Cassini's final moments: Nasa spacecraft sends last signals on Saturn death plunge – as it happened

We are going to wrap up the liveblog now. You can find our news story on the fiery demise of Cassini here, and our piece on what we learned from the mission here. It was an incredible mission. Thanks for joining us for the end.

Here, with some final words on the mission, is Linda Spilker, who has worked on Cassini for a whole Saturn year - that’s 30 years on Earth.

Things never will be quite the same for those of us on the Cassini team now that the spacecraft is no longer flying. But,we take comfort knowing that every time we look up at Saturn in the night sky, part of Cassini will be there, too.

Where do spacecraft go to die? The staff of the US magazine, Science, have done a wonderful job of pulling together the final resting places of 42 spacecraft. Check it out here.

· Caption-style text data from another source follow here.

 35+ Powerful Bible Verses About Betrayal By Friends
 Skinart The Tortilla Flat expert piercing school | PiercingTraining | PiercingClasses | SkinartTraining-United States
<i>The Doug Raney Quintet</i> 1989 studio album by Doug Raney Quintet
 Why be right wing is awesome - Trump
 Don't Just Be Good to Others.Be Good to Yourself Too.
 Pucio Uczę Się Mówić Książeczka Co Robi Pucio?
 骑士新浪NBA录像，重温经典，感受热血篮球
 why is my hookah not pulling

If you want to know how the funding stacks up for a spectacular mission such as Cassini, you can find a highly accessible infographic here.

Nasa has said farewell to its Saturn explorer.

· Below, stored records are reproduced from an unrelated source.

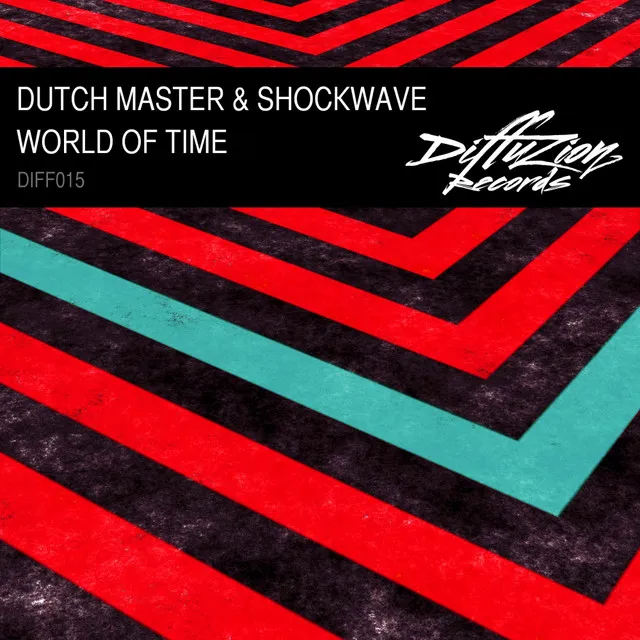 World Of Time - Original Mix by Dutch Master, Shockwave - Euphoric Hardstyle cover art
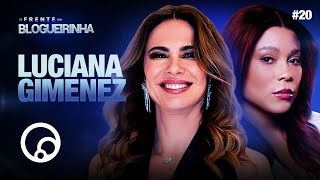 DE FRENTE COM BLOGUEIRINHA LUCIANA GIMENEZ  T3E20  DiaTV [upl. by Uhej590]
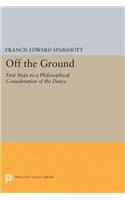 Off the Ground: First Steps to a Philosophical Consideration of the Dance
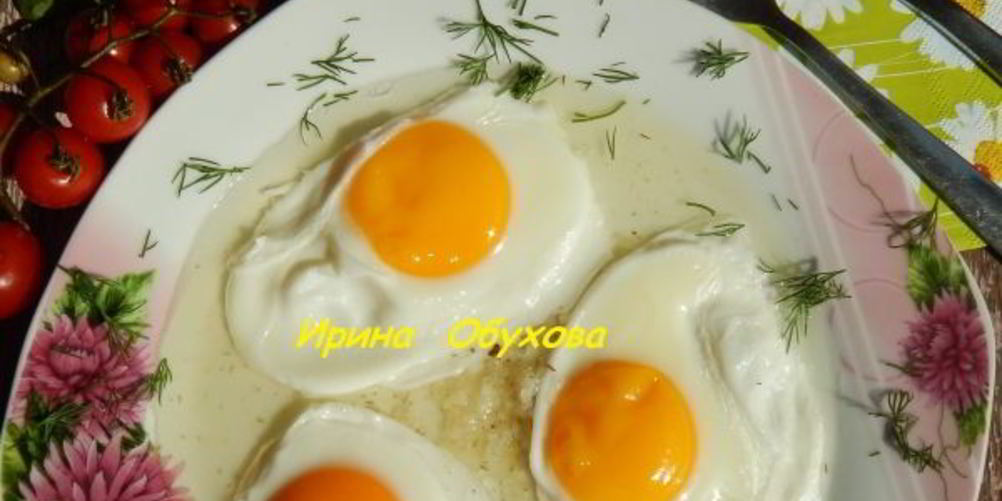 Как приготовить яичницу в воде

John Zarnecki, President of the Royal Astronomical Society, worked on the Huygens lander that touched down on Titan. He knew today would be emotional, but one consolation is that the lander is still on Titan’s surface. Who knows how long it will remain there?

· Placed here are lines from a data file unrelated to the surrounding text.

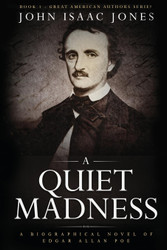 A Quiet Madness: A Biographical Novel of Edgar Allan Poe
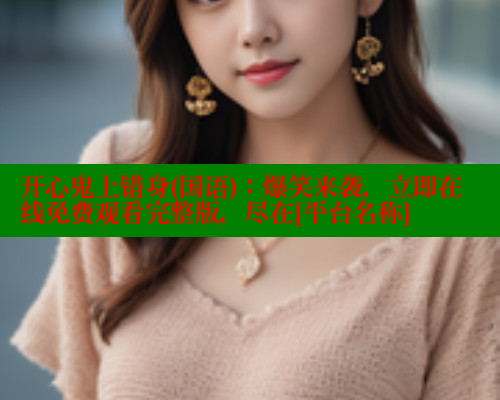 开心鬼上错身(国语)：爆笑来袭，立即在线免费观看完整版，尽在[平台名称]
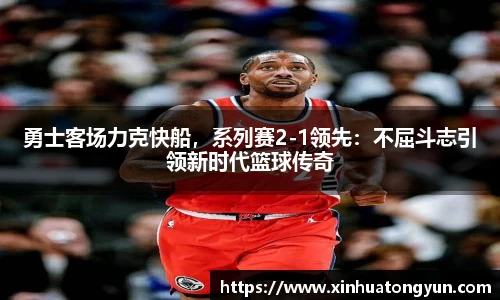 勇士客场力克快船，系列赛2-1领先：不屈斗志引领新时代篮球传奇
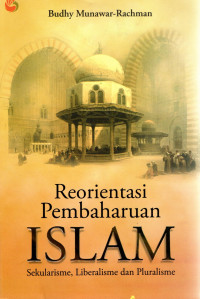 Reorientasi Pembaharuan Islam : Sekularismw, Liberalisme dan Pluralisme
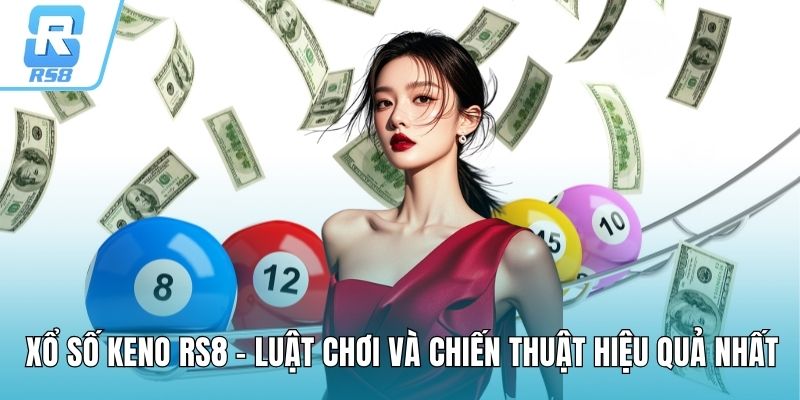 Xổ số Keno RS8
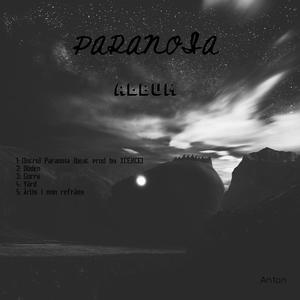 Paranoia (Explicit)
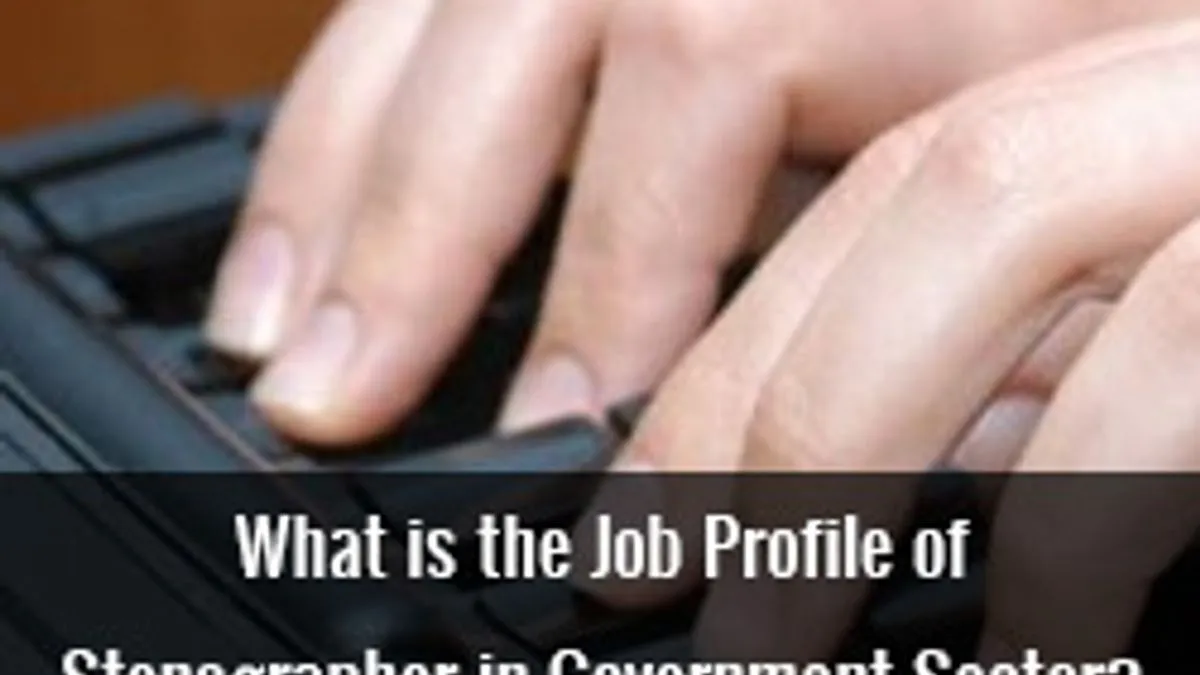 what-is-the-job-profile-of-stenographer-in-government-sector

The touchdown was a record, the first landing on a body beyond the asteroid belt, and Zarnecki believes the feat will not be bested any time soon. He said:

We are in the Guinness Book of Records and we could be there for a century. I don’t think we’ll land further away in the solar system for a long time.

Cassini declared dead

Earl Maize, Cassini’s project manager, calls an end to the mission and prompts a round of subdued applause from the gathered team, many of whom started on this adventure more than 20 years ago. A tough moment for some of them, but what a mission, what a legacy.

Updated

Signal lost from Cassini

And that, dear readers, is that. After 20 years in space and 13 spent looping around Saturn and its moons, Cassini’s final signals have been received. The spacecraft died on Saturn more than an hour ago, but this is confirmation: the end of its broadcast at 12.55 UK time as it fell into Saturn and became part of the planet.

Updated

The signal will go in seconds.

The latest signals from Cassini show the spacecraft in the atmosphere and its thrusters firing more and more to keep it steady as it plunges.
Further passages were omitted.